Assigned task
Return all lines in the data where the string "House" can be found.

(Crawled caption data)
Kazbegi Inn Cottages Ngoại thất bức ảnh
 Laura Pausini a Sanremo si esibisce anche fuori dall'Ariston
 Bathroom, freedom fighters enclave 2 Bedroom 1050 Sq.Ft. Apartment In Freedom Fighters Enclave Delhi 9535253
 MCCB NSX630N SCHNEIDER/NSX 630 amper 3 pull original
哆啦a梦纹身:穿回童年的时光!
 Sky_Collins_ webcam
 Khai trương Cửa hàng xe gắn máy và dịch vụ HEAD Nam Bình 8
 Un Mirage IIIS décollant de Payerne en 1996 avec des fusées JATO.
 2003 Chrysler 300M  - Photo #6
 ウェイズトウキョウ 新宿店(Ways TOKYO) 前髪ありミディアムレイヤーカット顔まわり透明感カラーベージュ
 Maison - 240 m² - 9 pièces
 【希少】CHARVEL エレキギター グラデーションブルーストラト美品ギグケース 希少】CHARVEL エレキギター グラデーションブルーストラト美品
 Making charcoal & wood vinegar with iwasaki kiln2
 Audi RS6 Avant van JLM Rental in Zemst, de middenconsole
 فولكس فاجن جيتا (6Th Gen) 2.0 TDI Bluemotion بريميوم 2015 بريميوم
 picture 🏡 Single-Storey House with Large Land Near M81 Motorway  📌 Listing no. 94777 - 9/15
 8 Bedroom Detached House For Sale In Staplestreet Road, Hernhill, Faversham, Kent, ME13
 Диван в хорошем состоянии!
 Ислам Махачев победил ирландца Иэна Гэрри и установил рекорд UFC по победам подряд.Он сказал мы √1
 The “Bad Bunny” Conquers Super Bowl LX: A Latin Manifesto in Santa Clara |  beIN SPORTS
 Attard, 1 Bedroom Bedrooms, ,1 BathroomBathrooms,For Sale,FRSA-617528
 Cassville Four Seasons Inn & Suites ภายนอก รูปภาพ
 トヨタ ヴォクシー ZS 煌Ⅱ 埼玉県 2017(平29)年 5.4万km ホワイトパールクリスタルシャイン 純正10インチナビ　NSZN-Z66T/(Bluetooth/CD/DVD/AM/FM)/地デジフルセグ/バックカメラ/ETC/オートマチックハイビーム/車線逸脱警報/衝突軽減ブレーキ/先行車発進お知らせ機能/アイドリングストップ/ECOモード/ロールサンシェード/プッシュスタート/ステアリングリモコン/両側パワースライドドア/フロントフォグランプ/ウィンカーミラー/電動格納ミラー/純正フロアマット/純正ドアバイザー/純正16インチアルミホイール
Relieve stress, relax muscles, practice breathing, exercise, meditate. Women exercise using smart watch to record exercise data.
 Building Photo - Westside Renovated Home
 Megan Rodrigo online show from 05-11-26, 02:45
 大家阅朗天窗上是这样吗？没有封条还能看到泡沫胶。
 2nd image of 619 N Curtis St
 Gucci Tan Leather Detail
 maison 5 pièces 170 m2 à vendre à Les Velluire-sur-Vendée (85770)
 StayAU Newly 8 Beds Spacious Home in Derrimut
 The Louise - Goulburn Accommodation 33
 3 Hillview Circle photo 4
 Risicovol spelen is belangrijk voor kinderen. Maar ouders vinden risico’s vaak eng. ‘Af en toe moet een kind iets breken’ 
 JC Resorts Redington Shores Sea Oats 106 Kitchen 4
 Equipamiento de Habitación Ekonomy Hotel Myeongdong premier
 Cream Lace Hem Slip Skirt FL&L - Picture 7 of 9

Reply
 picture 🏡 Single-Storey House with Large Land Near M81 Motorway  📌 Listing no. 94777 - 9/15
 8 Bedroom Detached House For Sale In Staplestreet Road, Hernhill, Faversham, Kent, ME13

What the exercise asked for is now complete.